Learner worksheet
Visual Foundations Board
A visual foundations board for annotating layout, typography, color, composition, accessibility, AI critique, and one product-facing visual decision.
Output standard
One public-ready visual foundations board with evidence notes, AI curation, and a scoped visual-design decision.
Use when
Use in Session 3 as the overview board, then specialize it across the craft lessons.
Related sessions
Session 03Visual Foundations: How Designers See ScreensVisual foundations map with layout, typography, color, composition, AI critique, and one product decisionSession 04Layout and Spacing: Order, Grouping, Grid, and DensityFigma layout and spacing studio board with content inventory, mobile and desktop frames, layout guides, auto layout test, AI critique notes, and one product decisionSession 05Typography: Type Roles, Hierarchy, Readability, and ToneTypography audit board with type roles, hierarchy, readability, accessibility, AI critique, and one typography decisionSession 06Color: Roles, Contrast, State, Accessibility, and TrustColor role and contrast sheet with palette roles, state meanings, accessibility checks, AI critique, and one color decisionSession 07Composition: Focal Point, Balance, Rhythm, Density, and PolishComposition critique board with whole-screen read, focal point, visual weight, rhythm, density, AI critique, and one composition decision
Worksheet fields
Use this when the learner needs to build design-specialist visual judgment before deeper product framing or interface redesign.
Fields to complete
- Screen or UI sample
- Layout notes
- Typography notes
- Color roles
- Composition and density notes
- Accessibility and contrast concerns
- AI critique to accept
- AI critique to adapt
- AI critique to reject
- Visual-design decision sentence
Quality check
The board should explain how visual choices affect clarity, trust, and action.
Check before accepting
- Layout notes cover spacing, alignment, grouping, and density.

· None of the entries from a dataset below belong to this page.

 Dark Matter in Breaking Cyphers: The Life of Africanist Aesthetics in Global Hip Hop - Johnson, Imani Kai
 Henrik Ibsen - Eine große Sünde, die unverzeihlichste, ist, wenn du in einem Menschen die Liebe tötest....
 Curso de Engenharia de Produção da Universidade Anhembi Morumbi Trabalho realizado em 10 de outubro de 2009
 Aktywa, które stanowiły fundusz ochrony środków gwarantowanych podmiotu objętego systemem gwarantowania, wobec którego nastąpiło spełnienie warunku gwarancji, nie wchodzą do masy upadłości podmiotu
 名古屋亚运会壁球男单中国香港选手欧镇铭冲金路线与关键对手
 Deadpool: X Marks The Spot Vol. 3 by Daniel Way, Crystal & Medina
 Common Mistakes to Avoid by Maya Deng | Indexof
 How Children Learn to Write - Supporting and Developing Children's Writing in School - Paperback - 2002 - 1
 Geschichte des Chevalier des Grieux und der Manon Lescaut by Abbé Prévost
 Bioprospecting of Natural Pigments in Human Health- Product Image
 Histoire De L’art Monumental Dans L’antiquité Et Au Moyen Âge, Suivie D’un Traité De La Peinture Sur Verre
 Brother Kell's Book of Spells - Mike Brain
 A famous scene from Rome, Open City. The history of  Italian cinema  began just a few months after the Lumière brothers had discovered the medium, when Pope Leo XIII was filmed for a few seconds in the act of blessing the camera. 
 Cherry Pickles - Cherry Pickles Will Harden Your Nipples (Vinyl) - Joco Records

- Typography notes cover hierarchy, readability, and role.
- Color notes cover meaning, contrast, state, and restraint.
- Composition notes separate evidence from taste.
- AI critique is checked before the final decision is written.
- Accept/adapt/reject notes include reasons.
- Final decision names visual evidence, product reason, and scope limit.
Quality benchmark
Use this benchmark to calibrate the board before showing it publicly or submitting it for review.
Check before accepting
- Weak: describes the screen as clean, modern, premium, or nice without evidence.
- Better: names visible elements and one hierarchy issue, but the AI trail or product reason is still thin.
- Strong: includes layout, typography, color, composition, accessibility, AI curation, uncertainty, decision, and tradeoff.
Starter prompt
Use this prompt after the learner has annotated the screen visually.
Starter prompt
I am learning visual design fundamentals for product screens. Screen or design sample: [describe the screen, paste a safe screenshot description, or describe an AI-generated UI] Please critique it in simple English. Return: 1. Layout: how spacing, alignment, grouping, and grid help or hurt clarity. 2. Typography: whether size, weight, line length, and hierarchy support reading. 3. Color: what roles the colors play, including meaning, state, contrast, and trust. 4. Composition: whether the screen feels balanced, crowded, sparse, or visually noisy. 5. Accessibility: what might be hard to read, distinguish, tap, or understand. 6. AI-output risk: if this were generated by AI, what looks polished but weak? 7. First improvement: recommend one visual-design improvement and explain the product reason. Rules: - Do not redesign the whole screen. - Separate visual evidence from taste. - Do not say "modern", "clean", or "beautiful" without explaining why it helps the user. - Name what you are uncertain about.